BUFFALO, N.Y. (WIVB) — The principal of McKinley High School, who’s been on paid leave through a five-year court battle with the district, can return to her post — if she wants, as she has reached a settlement with the Buffalo Board of Education.

Students at McKinley High School accused Crystal Boling-Barton of discriminating against certain students, part of the LGBTQ+ community. After the ACLU sued the school district and Barton, officials set in motion steps to terminate her.

In May 2017, Barton was placed on administrative leave, required by state law when school officials are in the process of terminating a tenured teacher. The ACLU sued the school district, accusing Barton of discrimination, but it was quickly resolved.

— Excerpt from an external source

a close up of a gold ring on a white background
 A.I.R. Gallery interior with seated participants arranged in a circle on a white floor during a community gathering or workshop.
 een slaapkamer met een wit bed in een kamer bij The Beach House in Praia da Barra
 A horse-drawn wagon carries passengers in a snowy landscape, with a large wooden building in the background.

“So it was really a lot to do about nothing,” said union attorney Robert Boreanaz, who represents Barton. “The superintendent at the time could have resolved it, and chose not to.”

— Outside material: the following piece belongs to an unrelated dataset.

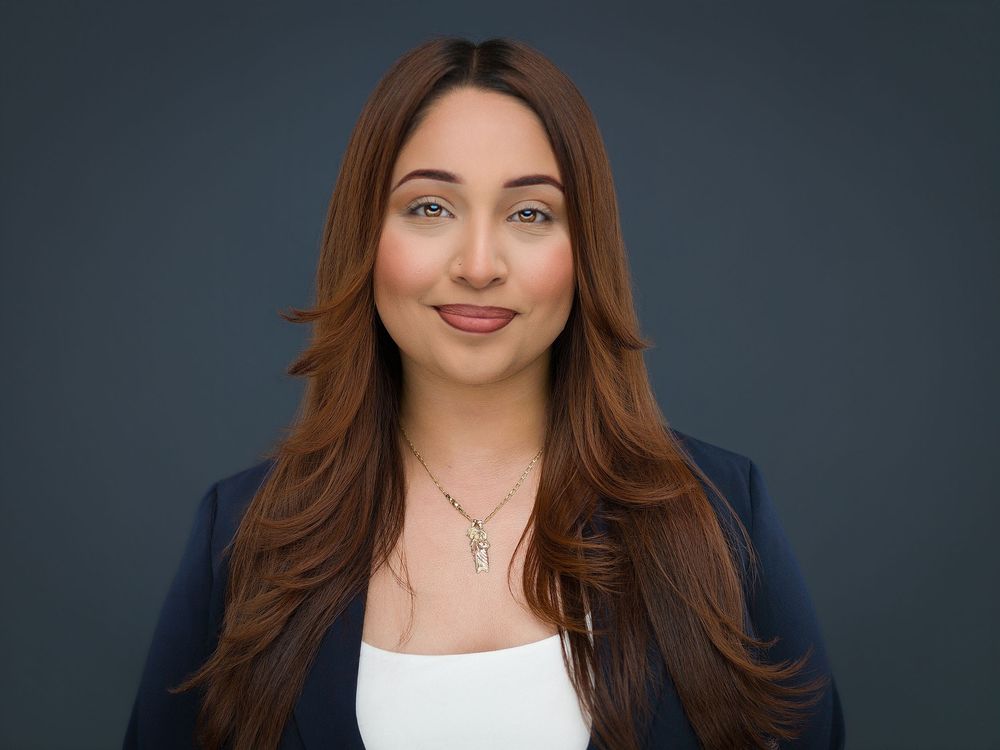 Professional headshot of a young woman with long auburn hair wearing a navy blazer and white top with a delicate necklace.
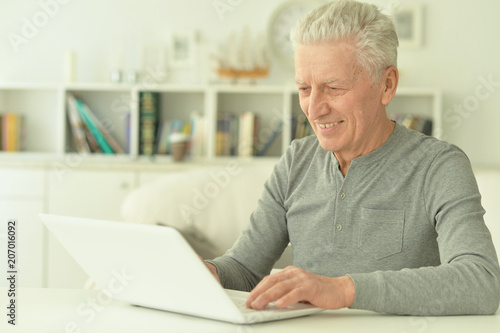  senior man using laptop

Over the next five years, Barton’s leave with pay resulted in her receiving full pay of more than $600,000, $200,000 in additional pay and damages, $60,000 for her attorneys fees and about $15,000 in legal expenses incurred by her union — a total of more than $900,000.

Boreanaz contends former superintendent Kriner Cash could have prevented the entire costly ordeal, and now he is gone.

“The leadership now has decided to take a fresh look at things,” he said. “And decided that it was in the best interest of the district to move forward and resolve all these matters.”

Barton is the president of the union that represents principals and administrators and Boreanaz believes that was Kriner Cash’s motivation to tarnish her reputation.

The school board has released a statement that said, in part, Barton is now eligible to immediately return to service at McKinley, the board is pleased to have finally put all these matters behind them, and the district is appreciative and thankful to Principal Barton for all of her years of service.

Barton also filed a complaint against Kriner Cash and the school district on the grounds of age, gender, and racial discrimination. That complaint, filed with the State Division of Human Rights was dropped as a condition of the settlement.